Frédéric Le Marcis is an anthropologist. He focuses on epidemic responses in prison environment in different African countries. Here are his insights.

ICPR and Prison Insider asked several experts worldwide to share their insights in the framework of the project Understanding and reducing the use of imprisonment in 10 countries. Read Frédéric Le Marcis’s insights.


Prison infirmaries, when available, are rarely integrated into the overall healthcare system. The administrations do little to meet the vital needs of prisoners. Nutritional deficiencies are common, skin diseases are recurrent, and prisoners often depend on the financial means of their families or NGOs when it comes to healthcare access. These difficulties, highlighted by COVID-19, are not new. They worsen the prison population’s social illegitimacy, as well as the reluctance of States to offer convicted persons what they cannot guarantee to the general population.

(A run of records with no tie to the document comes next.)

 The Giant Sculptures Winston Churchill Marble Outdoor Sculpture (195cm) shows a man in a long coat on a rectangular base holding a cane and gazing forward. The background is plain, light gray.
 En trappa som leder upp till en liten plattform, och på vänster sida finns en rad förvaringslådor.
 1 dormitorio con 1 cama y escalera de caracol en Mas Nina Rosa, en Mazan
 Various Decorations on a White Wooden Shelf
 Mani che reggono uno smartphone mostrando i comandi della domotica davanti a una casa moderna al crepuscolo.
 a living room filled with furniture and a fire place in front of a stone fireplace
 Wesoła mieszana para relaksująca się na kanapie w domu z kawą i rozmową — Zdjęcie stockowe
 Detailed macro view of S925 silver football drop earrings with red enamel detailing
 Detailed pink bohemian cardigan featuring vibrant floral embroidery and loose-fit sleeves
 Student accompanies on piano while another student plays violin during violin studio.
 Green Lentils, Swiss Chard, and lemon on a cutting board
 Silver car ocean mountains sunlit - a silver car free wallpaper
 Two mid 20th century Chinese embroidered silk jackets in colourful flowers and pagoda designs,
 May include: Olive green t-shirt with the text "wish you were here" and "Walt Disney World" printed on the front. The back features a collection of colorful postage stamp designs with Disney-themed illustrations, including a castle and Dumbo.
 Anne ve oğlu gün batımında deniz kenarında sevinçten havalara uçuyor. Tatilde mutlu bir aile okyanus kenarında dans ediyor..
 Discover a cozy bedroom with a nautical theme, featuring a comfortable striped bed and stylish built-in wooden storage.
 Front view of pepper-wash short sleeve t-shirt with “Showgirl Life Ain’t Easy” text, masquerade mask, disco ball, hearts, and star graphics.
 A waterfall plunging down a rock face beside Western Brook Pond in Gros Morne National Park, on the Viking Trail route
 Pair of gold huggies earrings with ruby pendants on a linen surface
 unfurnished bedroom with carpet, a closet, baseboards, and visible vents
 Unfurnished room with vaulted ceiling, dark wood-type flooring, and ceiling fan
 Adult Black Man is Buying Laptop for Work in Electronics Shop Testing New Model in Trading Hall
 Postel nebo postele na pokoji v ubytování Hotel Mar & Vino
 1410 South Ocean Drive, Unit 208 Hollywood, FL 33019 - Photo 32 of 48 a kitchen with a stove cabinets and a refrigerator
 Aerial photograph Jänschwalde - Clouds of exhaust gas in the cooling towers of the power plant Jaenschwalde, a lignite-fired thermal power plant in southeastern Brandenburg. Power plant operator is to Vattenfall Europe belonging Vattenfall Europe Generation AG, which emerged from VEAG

There is a lack of interest in health, in favour of security.

The link between prison and epidemics (HIV, hepatitis C and tuberculosis) is described as a perfect storm.

Structural and geographic characteristics of power in prison determine the way in which individuals cope with illness, whether male or female, young or old, rich or poor.

Prison constitutes a denial of rights, while it should instead re-establish the contract between citizens who offend, and society.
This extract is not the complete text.